Records excerpted from a collection:

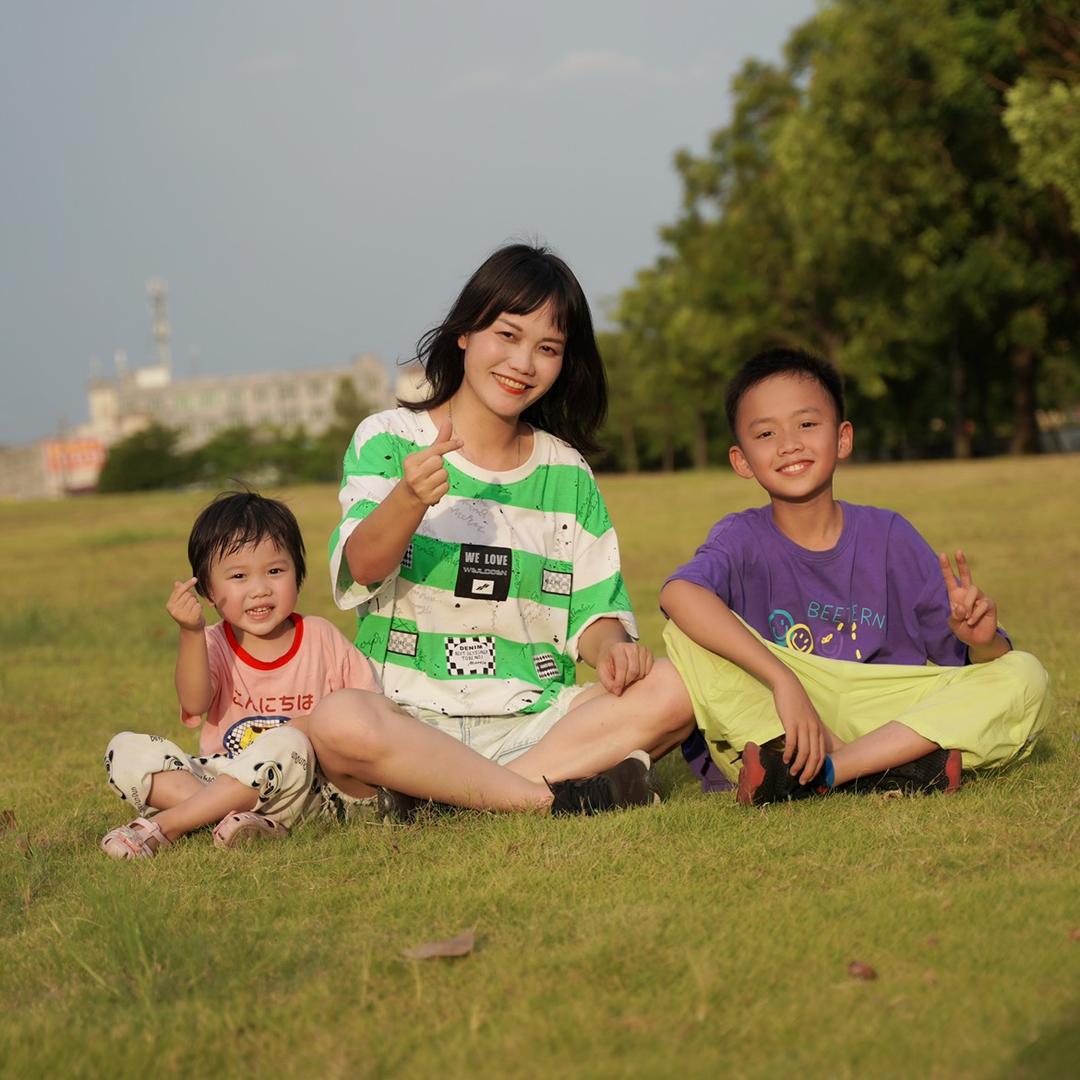 晴晴的一家@抖音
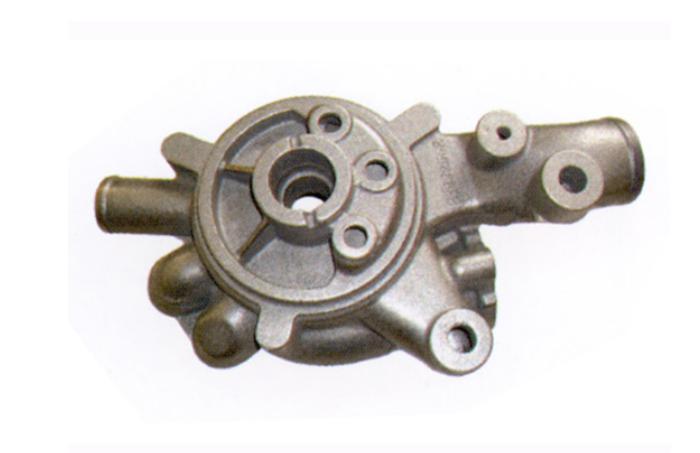 Nøkkelteknologier for helleprosessen av støpegods av grå jern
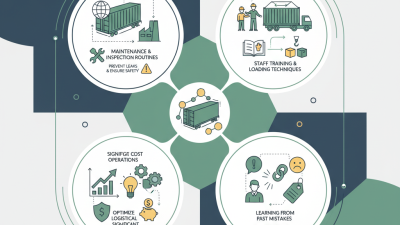 I migliori consigli per utilizzare in modo efficace i contenitori ISO per gas industriali?
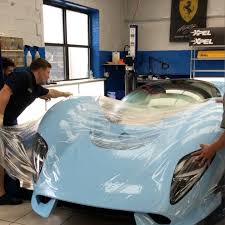 Full Paint Protection Film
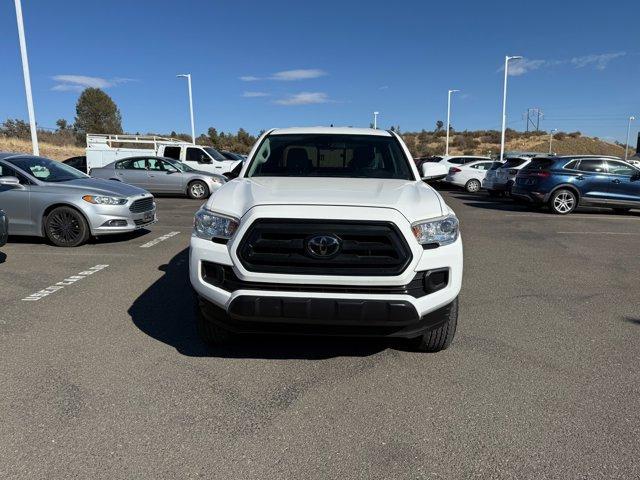 used 2021 Toyota Tacoma car, priced at $23,142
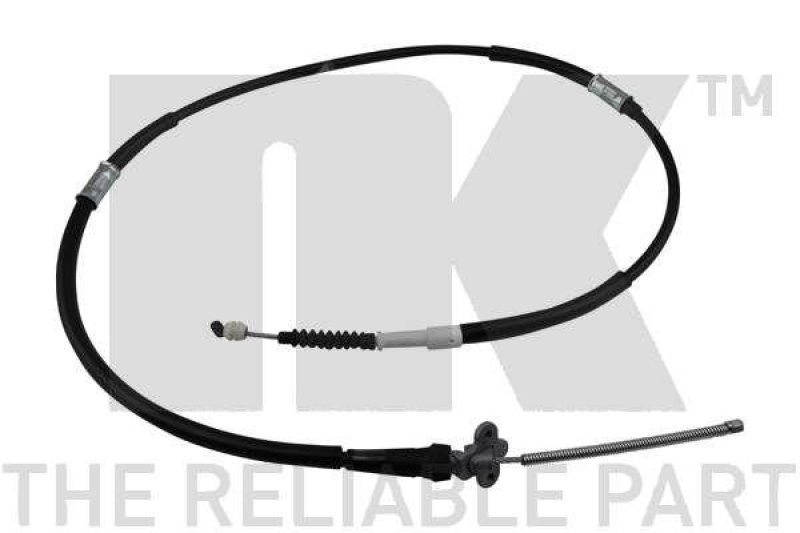 NK 904583 Seilzug, Feststellbremse f&uuml;r TOYOTA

◆ **What to work on**
Copy out each record word for word and omit any pictures.

◆ **Output**
 晴晴的一家@抖音
 Nøkkelteknologier for helleprosessen av støpegods av grå jern
 I migliori consigli per utilizzare in modo efficace i contenitori ISO per gas industriali?
 Full Paint Protection Film
 used 2021 Toyota Tacoma car, priced at $23,142
 NK 904583 Seilzug, Feststellbremse f&uuml;r TOYOTA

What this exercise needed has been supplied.